**Task instructions:** Without any pictures, retype exactly the lines from the one with "Pipeline im Kanban" through the final line of the records.

[Captioned web images]
---

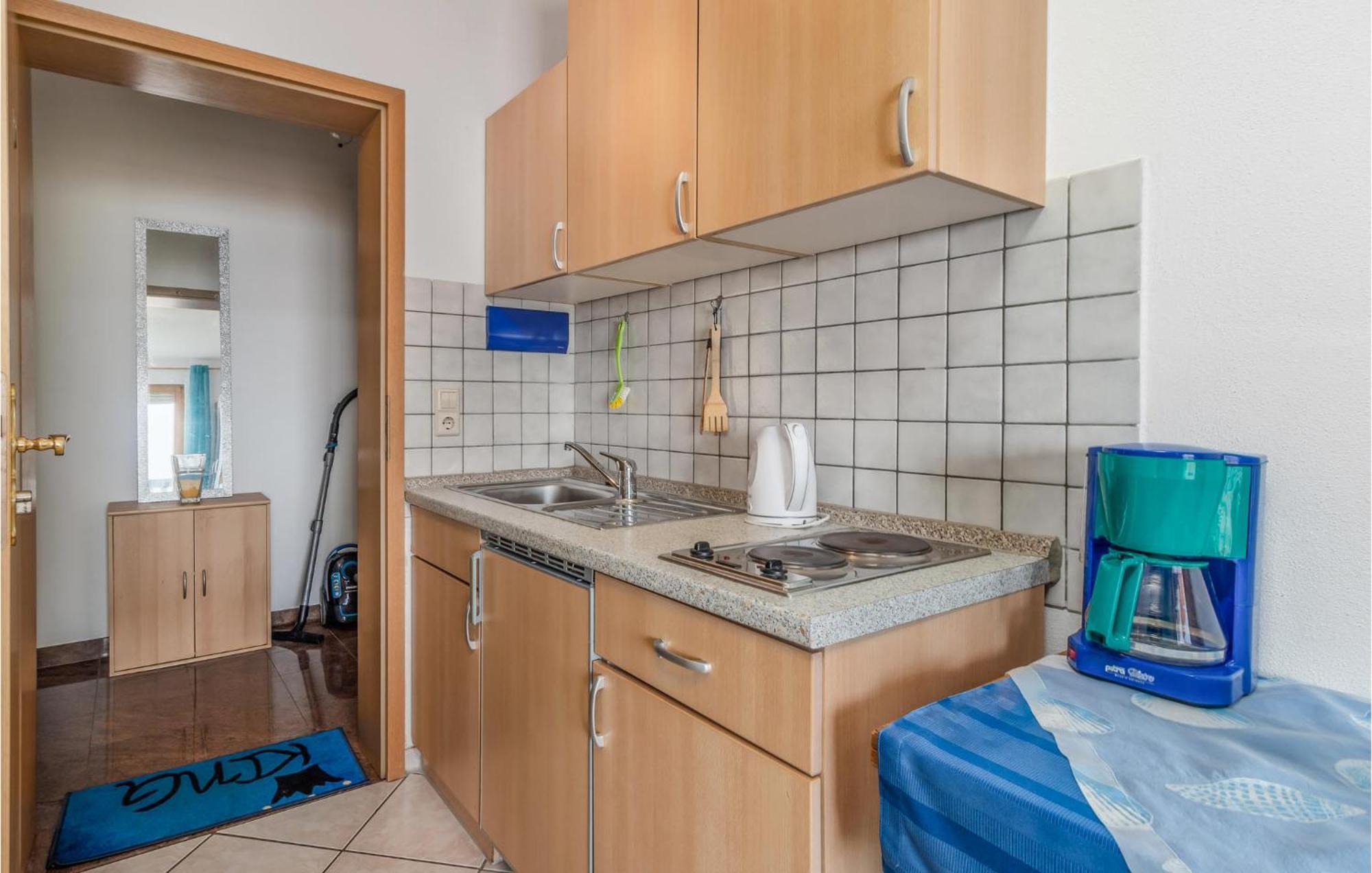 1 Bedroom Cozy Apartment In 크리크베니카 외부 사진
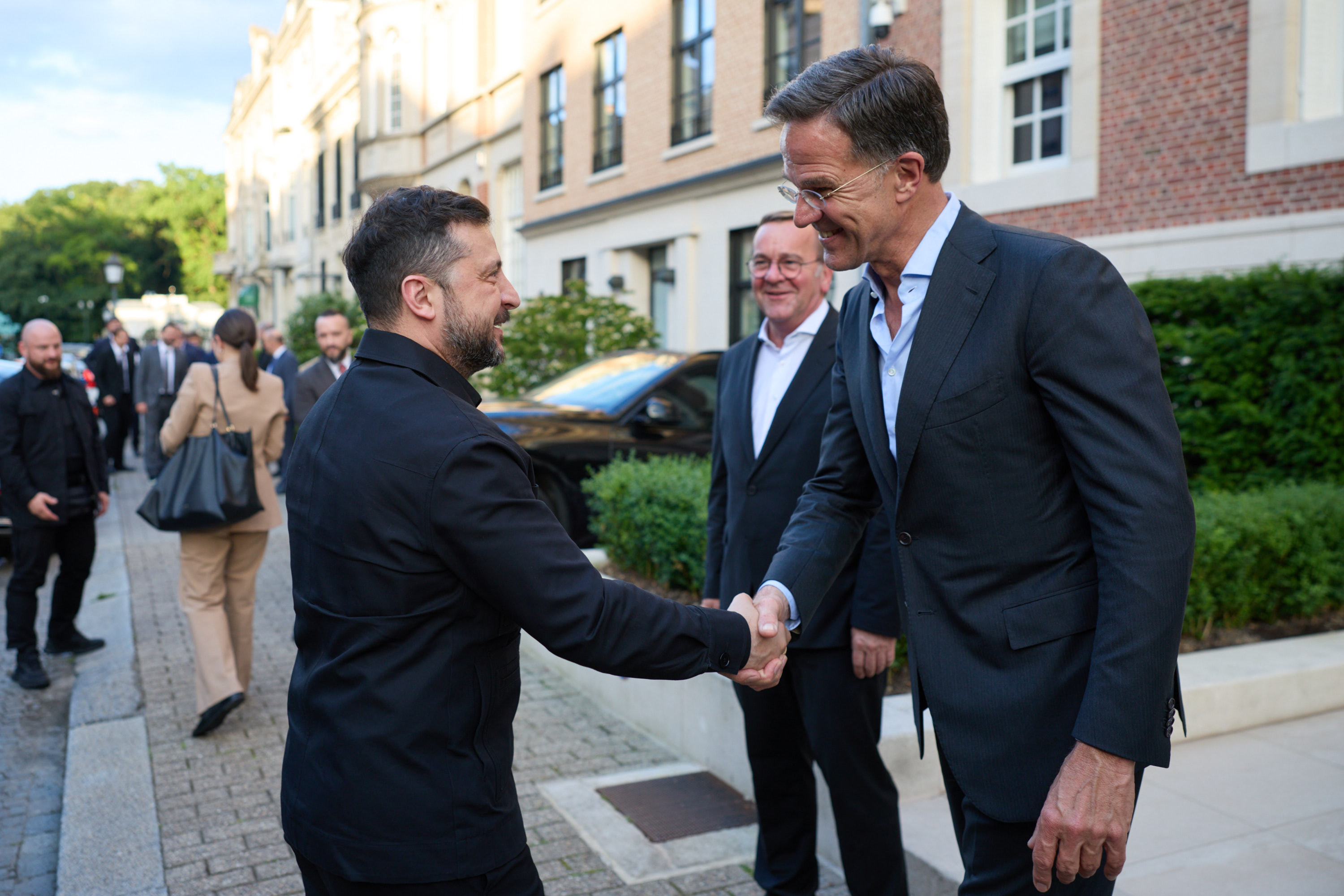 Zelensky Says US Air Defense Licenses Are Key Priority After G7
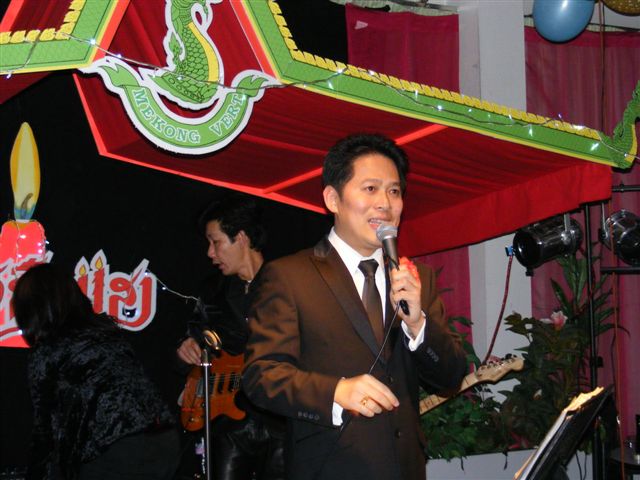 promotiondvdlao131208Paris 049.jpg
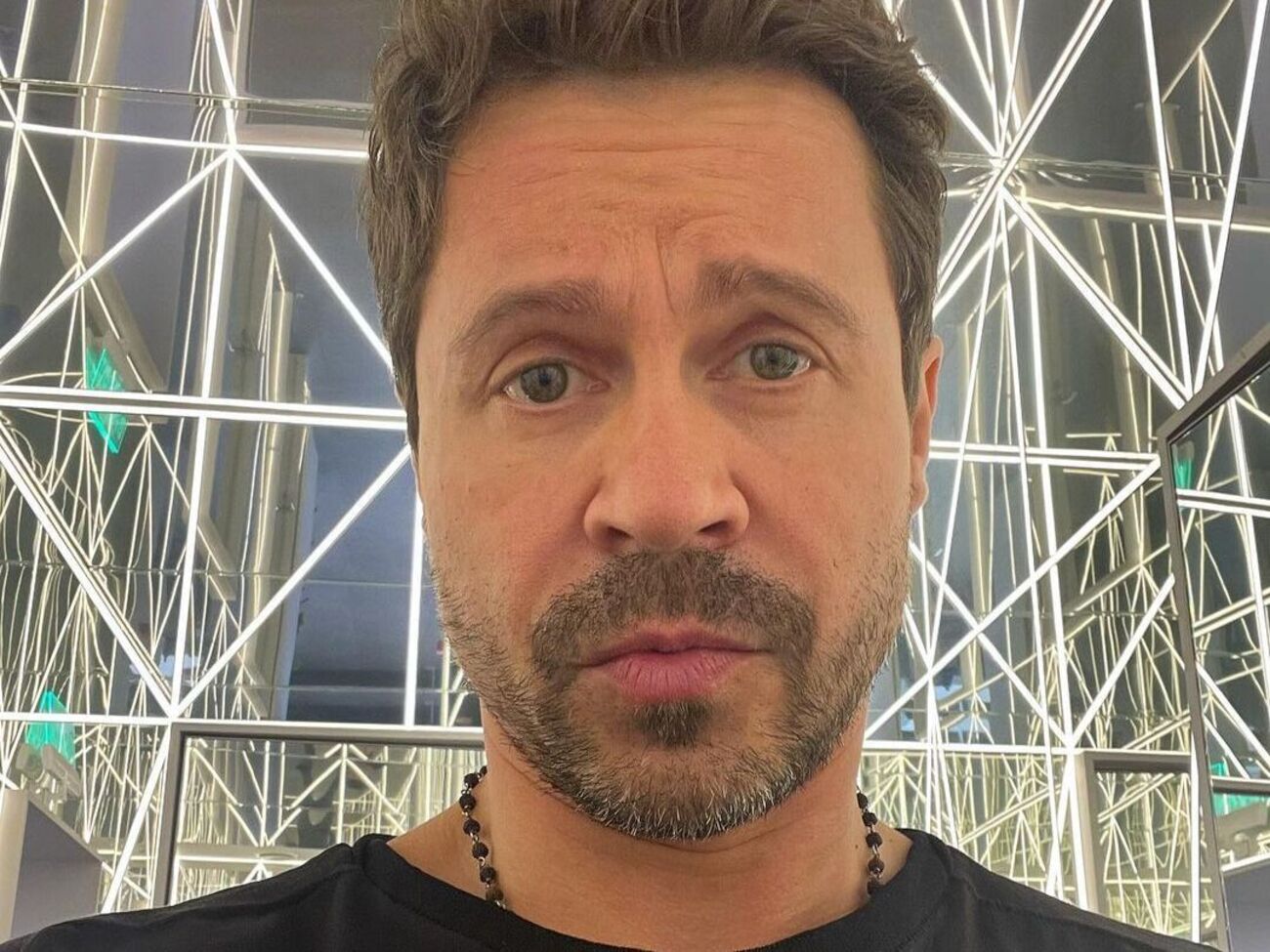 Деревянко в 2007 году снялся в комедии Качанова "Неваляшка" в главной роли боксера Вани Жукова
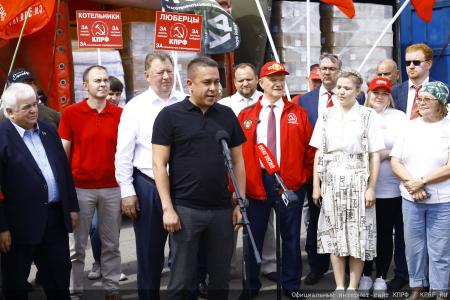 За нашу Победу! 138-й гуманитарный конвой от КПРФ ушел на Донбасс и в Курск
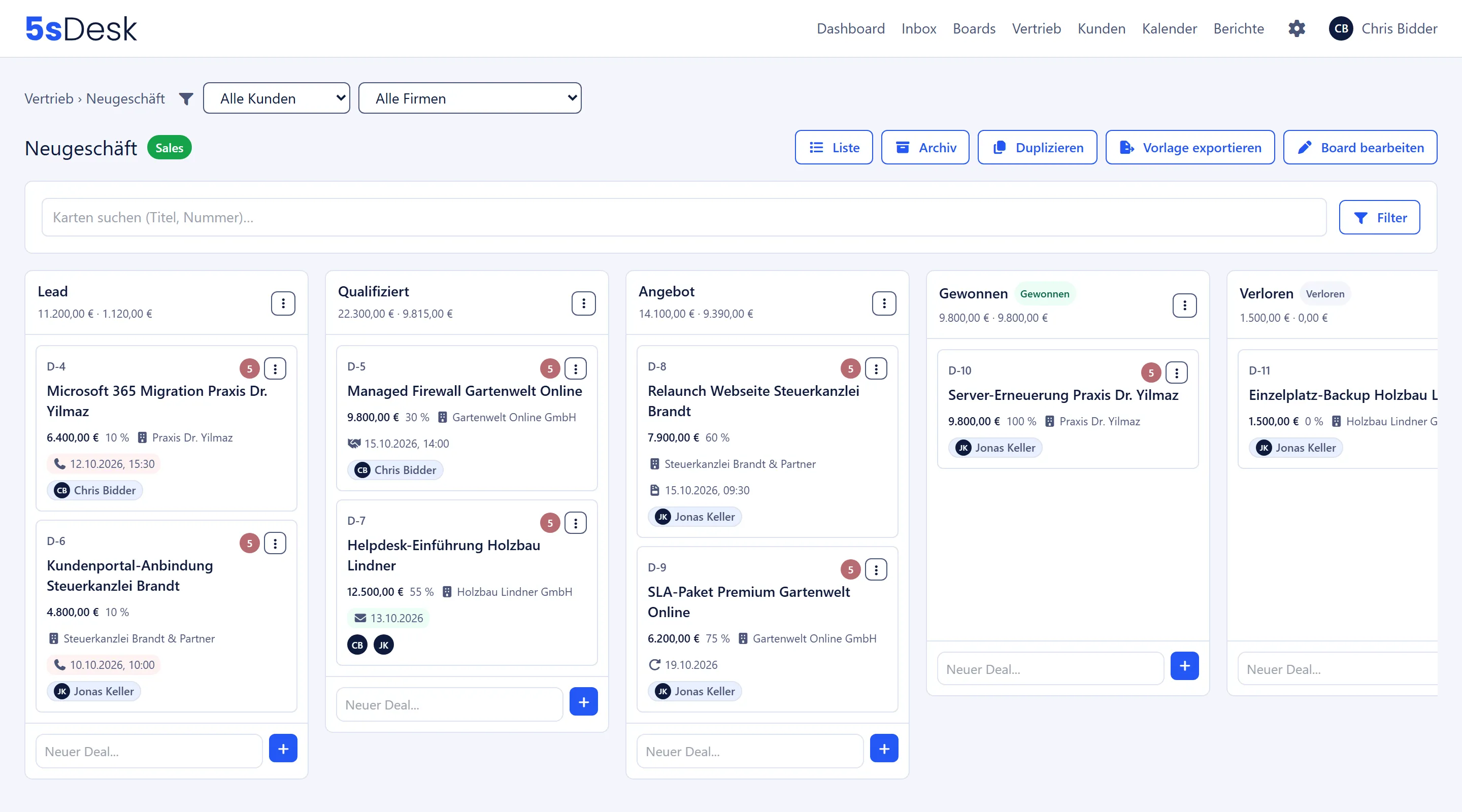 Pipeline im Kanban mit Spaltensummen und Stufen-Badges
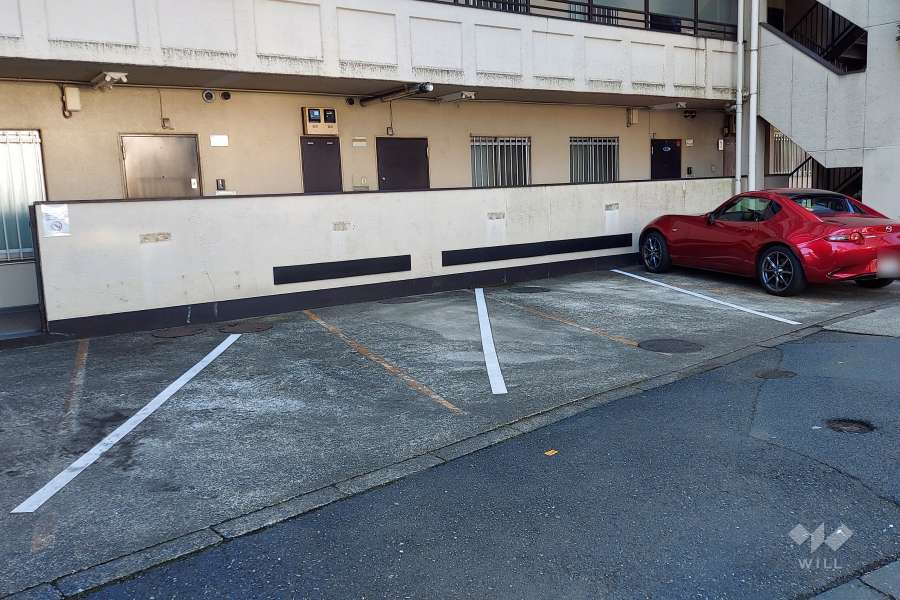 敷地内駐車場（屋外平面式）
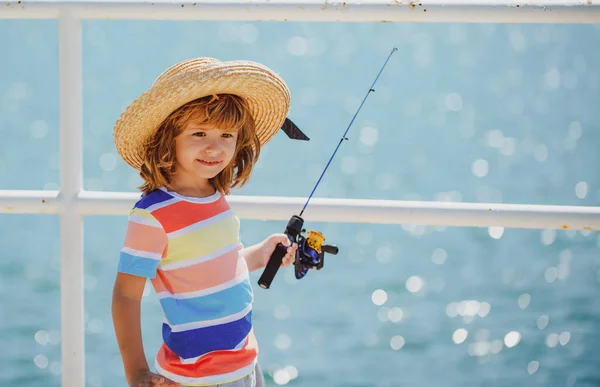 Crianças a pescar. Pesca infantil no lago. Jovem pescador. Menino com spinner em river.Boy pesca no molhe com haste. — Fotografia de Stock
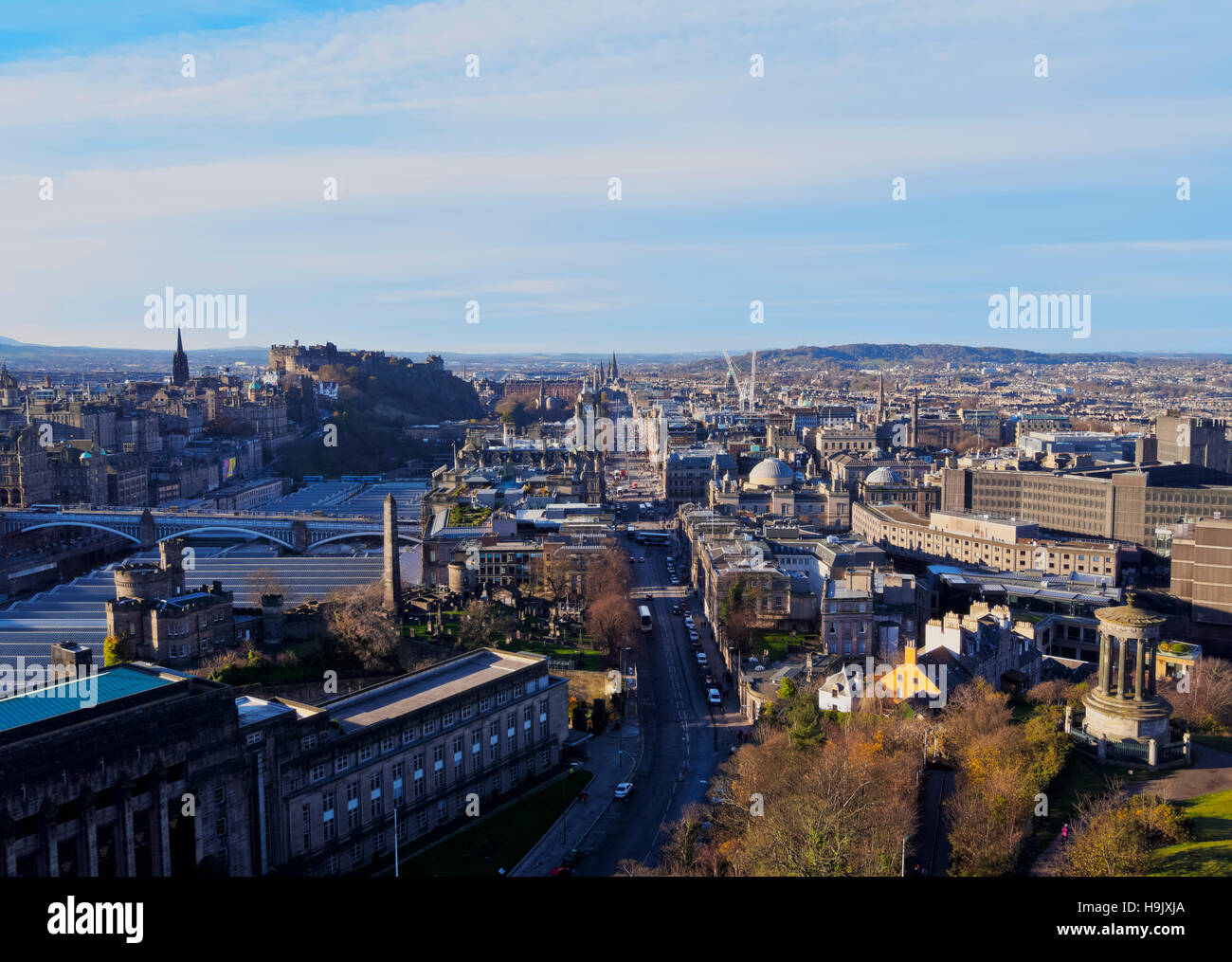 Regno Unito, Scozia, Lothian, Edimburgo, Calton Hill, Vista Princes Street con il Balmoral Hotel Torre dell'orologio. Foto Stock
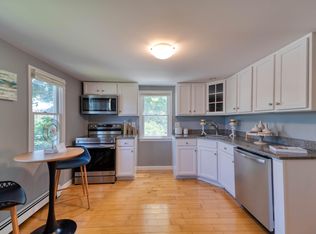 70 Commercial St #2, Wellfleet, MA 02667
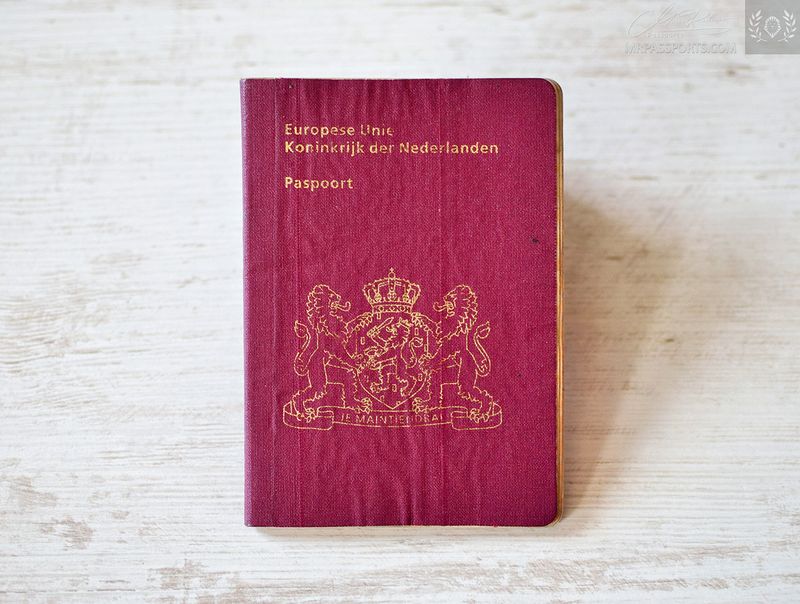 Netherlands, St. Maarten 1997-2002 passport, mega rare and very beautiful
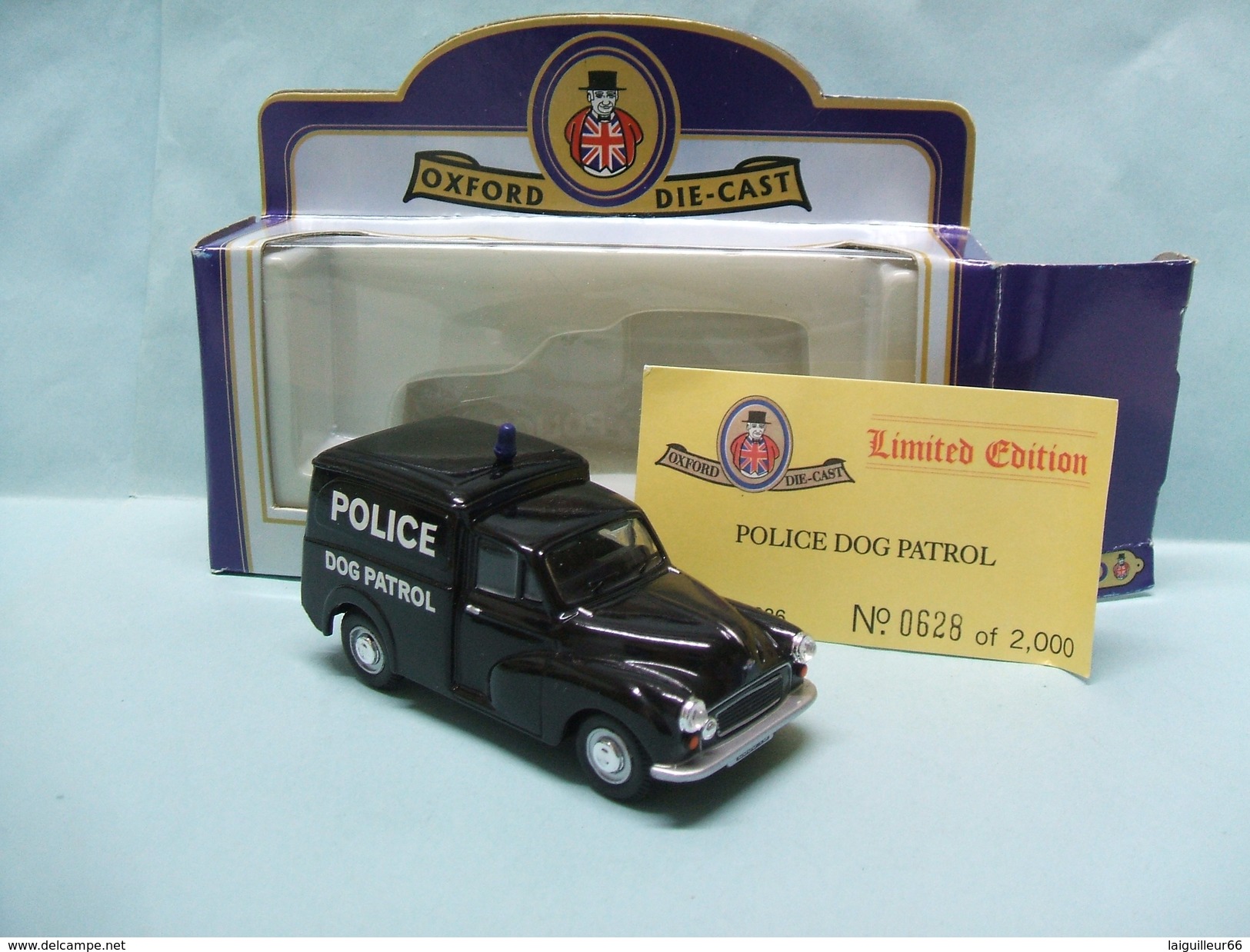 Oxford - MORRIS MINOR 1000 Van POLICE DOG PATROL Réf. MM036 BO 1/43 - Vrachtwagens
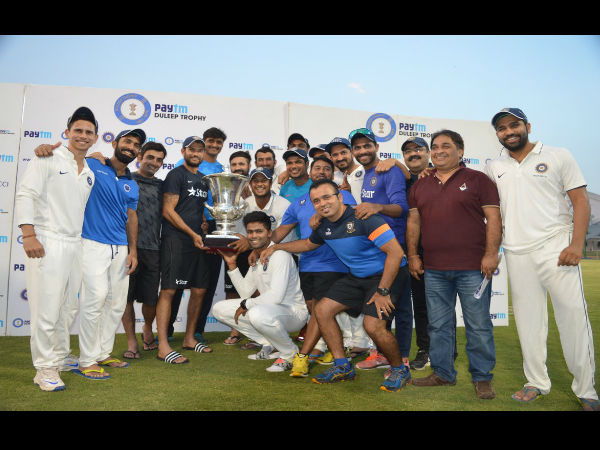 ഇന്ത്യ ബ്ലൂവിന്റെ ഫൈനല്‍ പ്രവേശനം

---

**Task response:**
 Pipeline im Kanban mit Spaltensummen und Stufen-Badges
 敷地内駐車場（屋外平面式）
 Crianças a pescar. Pesca infantil no lago. Jovem pescador. Menino com spinner em river.Boy pesca no molhe com haste. — Fotografia de Stock
 Regno Unito, Scozia, Lothian, Edimburgo, Calton Hill, Vista Princes Street con il Balmoral Hotel Torre dell'orologio. Foto Stock
 70 Commercial St #2, Wellfleet, MA 02667
 Netherlands, St. Maarten 1997-2002 passport, mega rare and very beautiful
 Oxford - MORRIS MINOR 1000 Van POLICE DOG PATROL Réf. MM036 BO 1/43 - Vrachtwagens
 ഇന്ത്യ ബ്ലൂവിന്റെ ഫൈനല്‍ പ്രവേശനം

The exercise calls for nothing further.